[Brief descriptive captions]

---+---

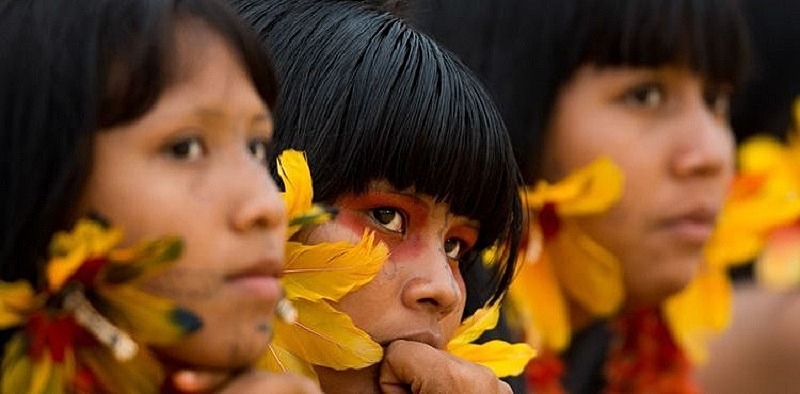 Indígenas deverão ter seus territórios protegidos por um planto de combate ao coronavírus - Marcelo Camargo/Agência Brasil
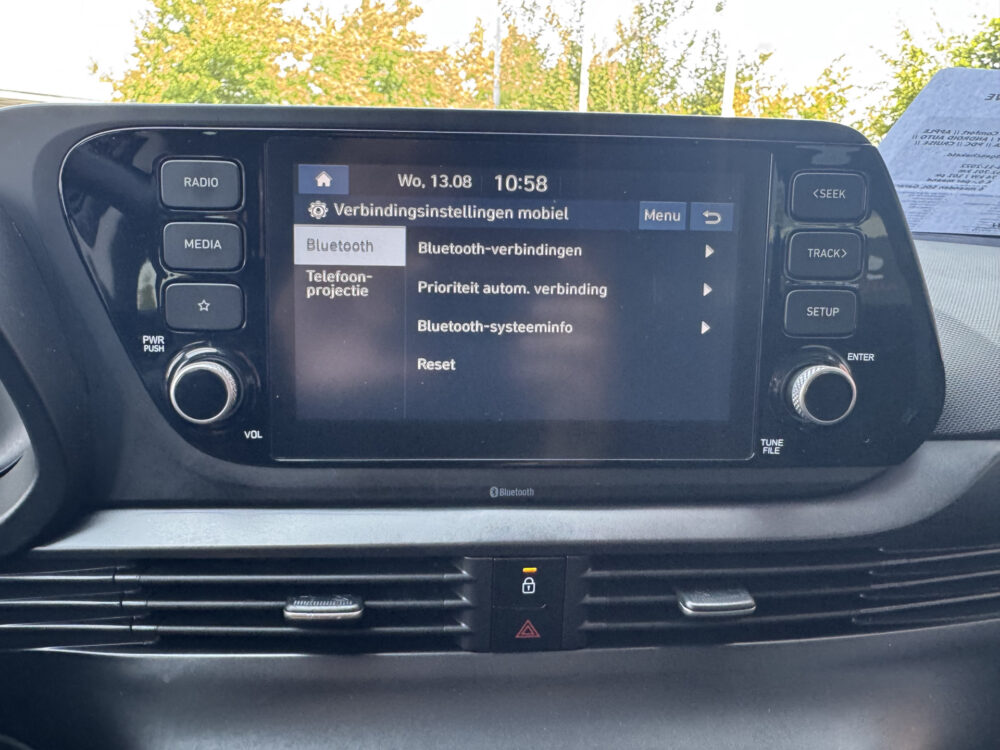 Hyundai i20 1.0 T-GDI Comfort // APPLE CARPLAY / ANDROID AUTO // CAMERA // PDC // CRUISE // DAB 16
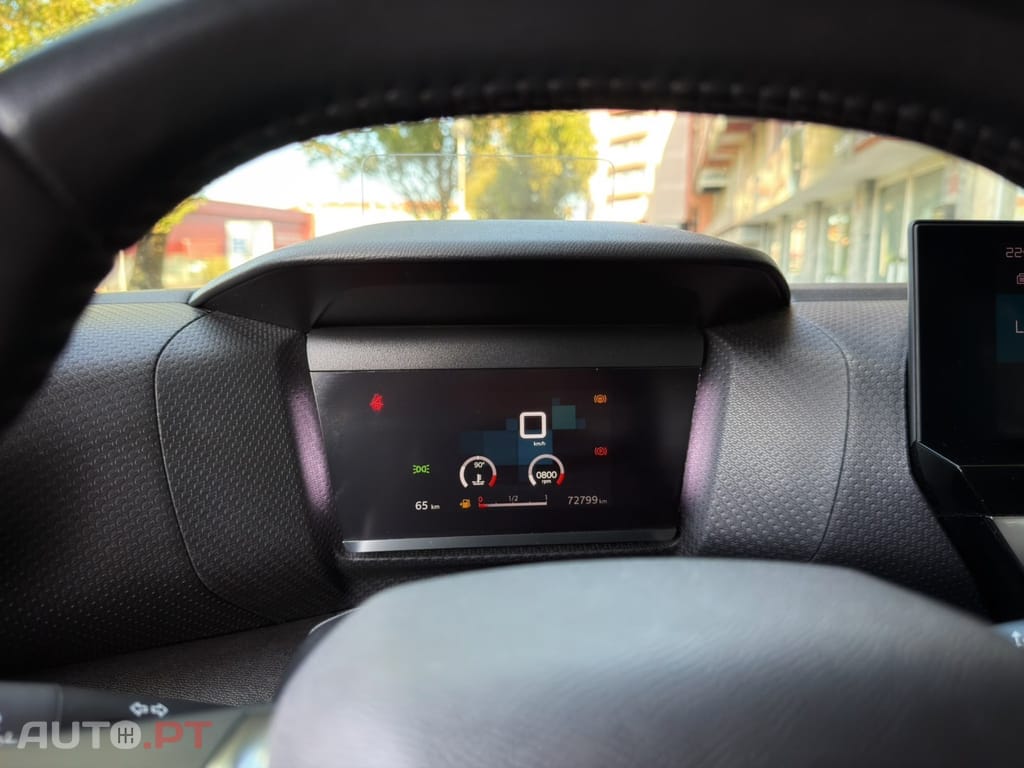 Citroen C4 1.5 BlueHDi Feel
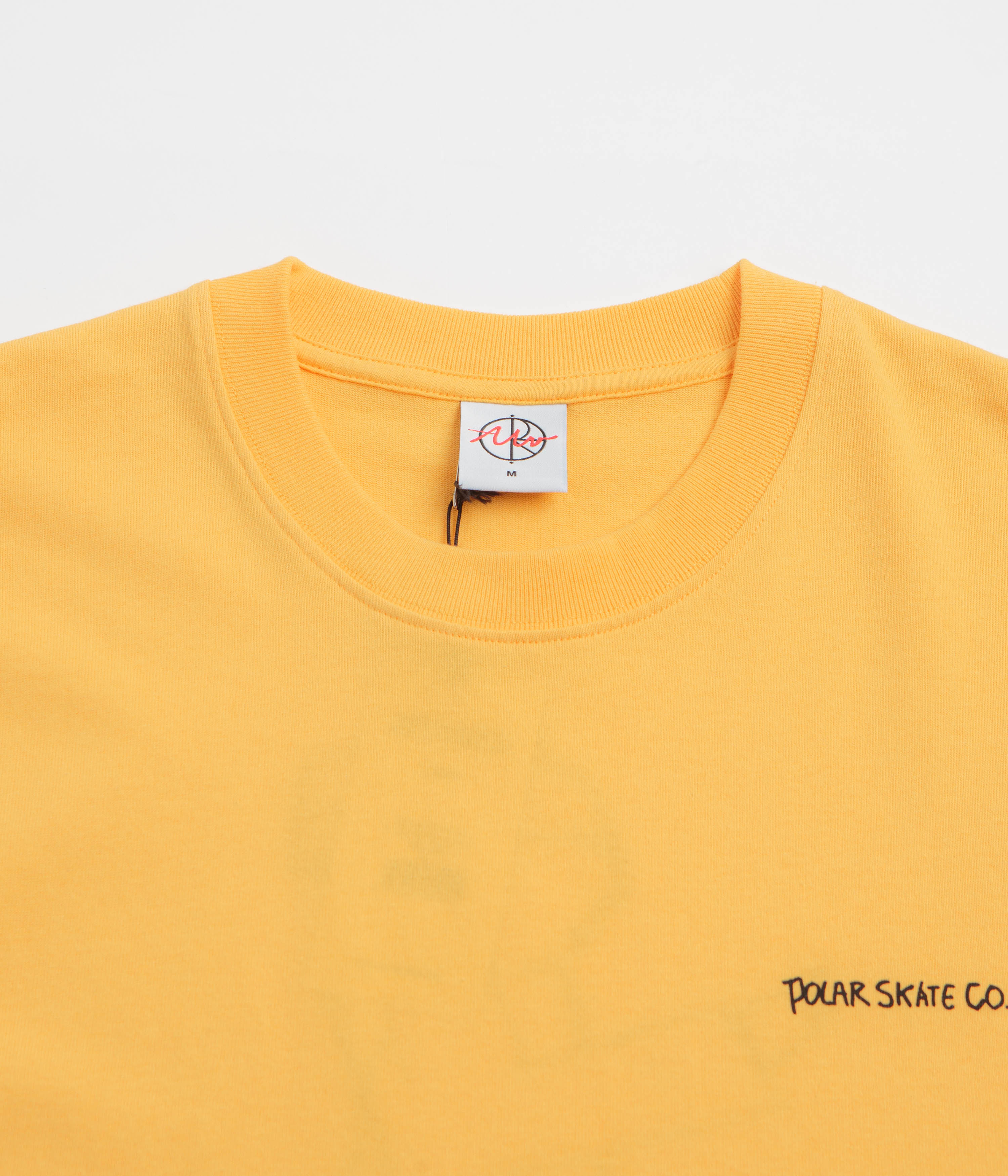Polar Dual Living T-Shirt - Yellow - Image 3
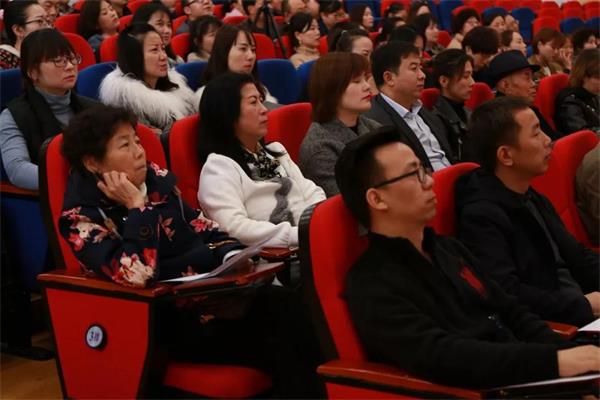 西安灃東中加學(xué)校家長(zhǎng)會(huì)| 攜手共育 溫暖前行圖片4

---+---

WHAT YOU SHOULD DO: Transcribe all lines above exactly, skipping pictures.

EXERCISE OUTPUT:
 Indígenas deverão ter seus territórios protegidos por um planto de combate ao coronavírus - Marcelo Camargo/Agência Brasil
 Hyundai i20 1.0 T-GDI Comfort // APPLE CARPLAY / ANDROID AUTO // CAMERA // PDC // CRUISE // DAB 16
 Citroen C4 1.5 BlueHDi Feel
Polar Dual Living T-Shirt - Yellow - Image 3
 西安灃東中加學(xué)校家長(zhǎng)會(huì)| 攜手共育 溫暖前行圖片4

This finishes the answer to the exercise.